Sometimes regulators take a position that does not align with the traditional legal view of a trade transaction, and sometimes a court case from years ago can still be relevant.
Sanctions: a case study
The historical case of Shanning International v. Lloyds TSB Bank plc  EWHC 280 (Comm) [England], affirmed in 2001, is a great example of this phenomenon.
Shanning International dealt with a demand by an Iranian bank (Rasheed Bank) under a demand guarantee issued by Lloyds TSB Bank.
The demand was made at a time when sanctions prohibited payment to the beneficiary, but the question arose as to whether payment would be due to the beneficiary after sanctions were lifted.
The court decided the demand itself was prohibited while sanctions were active, so the obligation to pay after sanctions were lifted would not arise.
The appeal court gave commentary regarding the ongoing nature of the obligation under a demand guarantee, particularly seeming to say that this would lead to “great commercial uncertainty” if the obligation remained outstanding.
What is interesting about this case is that the industry always treats the obligations of demand guarantees and other undertakings as ongoing––assuming no expiry has passed and the instrument has not been cancelled––and this is what actually creates certainty in the industry, not uncertainty.
The decision is known to have only been referred to once since the appeal, so there is no indication that it has been widely followed over the years, but similar concepts can be found in the UK and other sanction legislation.
While this case seems to go against established principles, the intent of the court in Shanning International appears narrower than upon first read. The intention seems to be to prevent a flood of demands on guarantees and indemnities due to the non-performance of contracts wherein the non-performance was caused solely by the imposition of sanctions.
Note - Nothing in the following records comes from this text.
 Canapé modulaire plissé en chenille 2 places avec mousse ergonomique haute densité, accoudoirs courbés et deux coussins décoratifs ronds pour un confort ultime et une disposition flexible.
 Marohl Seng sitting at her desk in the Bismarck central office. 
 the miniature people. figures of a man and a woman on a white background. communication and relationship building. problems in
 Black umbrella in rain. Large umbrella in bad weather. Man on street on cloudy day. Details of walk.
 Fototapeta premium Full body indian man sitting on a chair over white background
It may be difficult in practice to make this determination, but it seems clear that if, for example, a contractor does not want to go to Russia to finish a project because of the war, but the activities under contract are not actually sanctioned, then the premise from this case likely will not apply.
In this regard, it seems the case and clauses do not actually result in the obligations ending (there is no cancellation of the guarantee or indemnity), but only a prohibition on demands made due to breaches of contract that arise solely because of sanctions.
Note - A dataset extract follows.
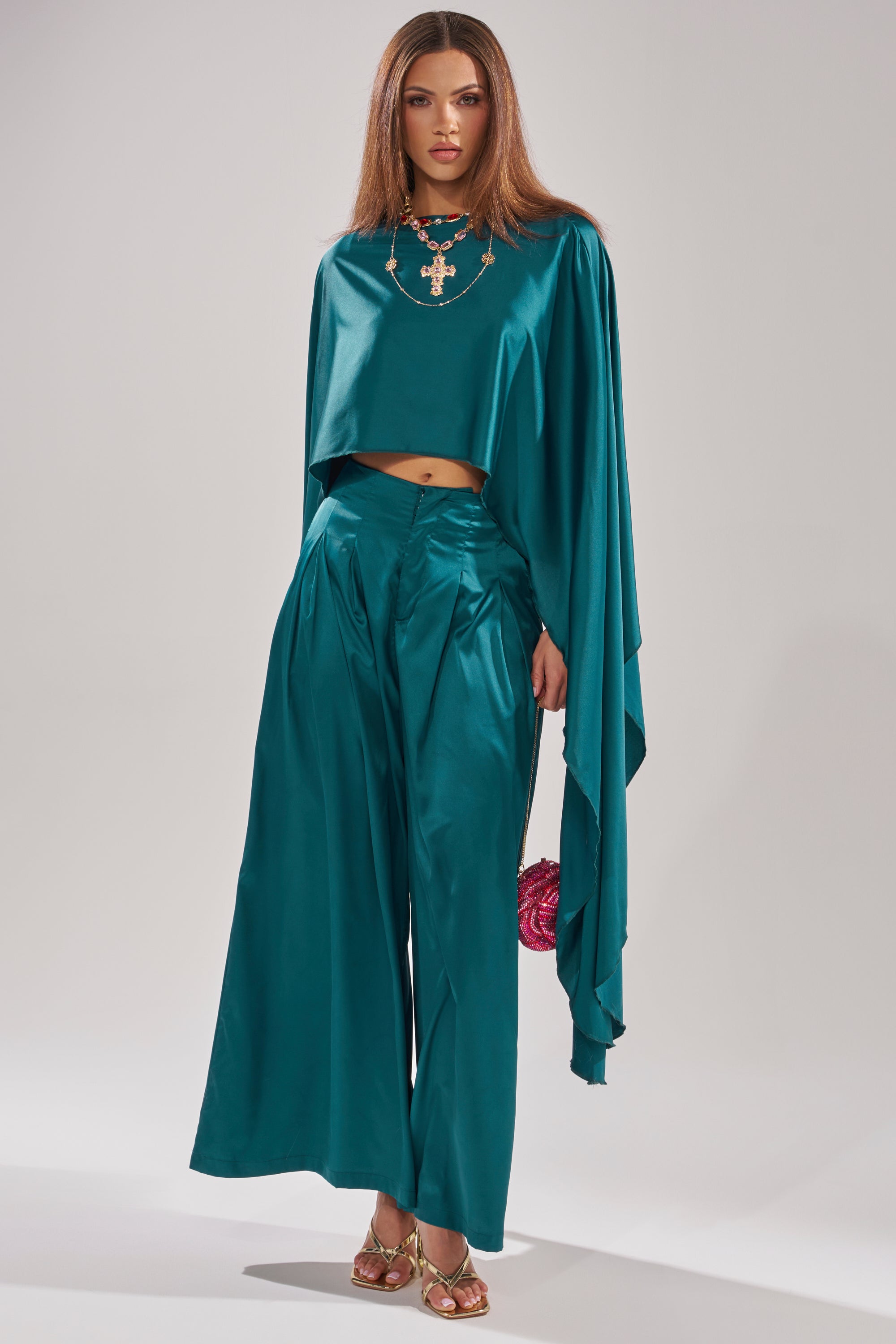 A woman stands facing the camera wearing the GIRLS FOR LIFE EMERALD BLOUSE, styled with wide-leg pants, a statement necklace, metallic heels, and a pink round clutch.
In another instance that was previously reported in DCW, there was a US Office of Foreign Assets Control (OFAC) settlement which gave a view that payment of a confirmation by a confirming bank––when an issuing bank was sanctioned––would be a violation of US sanctions.
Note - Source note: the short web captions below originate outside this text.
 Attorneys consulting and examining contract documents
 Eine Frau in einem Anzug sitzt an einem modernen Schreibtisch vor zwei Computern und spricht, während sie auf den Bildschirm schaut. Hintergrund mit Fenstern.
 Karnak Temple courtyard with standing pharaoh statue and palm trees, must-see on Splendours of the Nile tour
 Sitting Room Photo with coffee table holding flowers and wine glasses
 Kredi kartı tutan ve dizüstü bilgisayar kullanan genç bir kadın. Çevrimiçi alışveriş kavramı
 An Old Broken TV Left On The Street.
This was based on OFAC’s view that the issuing bank had an interest in the funds to be paid out by the confirming bank.
At least one letter of credit (LC) law expert observes that such a view is contrary to the legal view of a confirmation which is seen as its own separate obligation of the confirming bank to the beneficiary, from the obligation of the issuing bank to the beneficiary.
And it is difficult to see how an issuing bank has an interest in funds that a confirming bank must pay. The OFAC settlement raises significant caution as to payments under confirmations where there is any sanction nexus. So, aside from the legal risk if a bank does not pay under its legal obligation, there may be a regulatory risk of a sanctions breach if a bank does pay.